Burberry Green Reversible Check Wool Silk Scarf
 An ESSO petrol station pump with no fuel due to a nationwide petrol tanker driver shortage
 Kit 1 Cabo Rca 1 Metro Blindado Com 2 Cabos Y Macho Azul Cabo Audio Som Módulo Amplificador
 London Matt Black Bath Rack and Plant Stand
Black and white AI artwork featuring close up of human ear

######

> EXERCISE OBJECTIVE:
This exercise asks for an exact repeat of the lines from the one holding "Kit 1 Cabo Rca" through the end of the data above.

> EXERCISE SOLUTION:
 Kit 1 Cabo Rca 1 Metro Blindado Com 2 Cabos Y Macho Azul Cabo Audio Som Módulo Amplificador
 London Matt Black Bath Rack and Plant Stand
Black and white AI artwork featuring close up of human ear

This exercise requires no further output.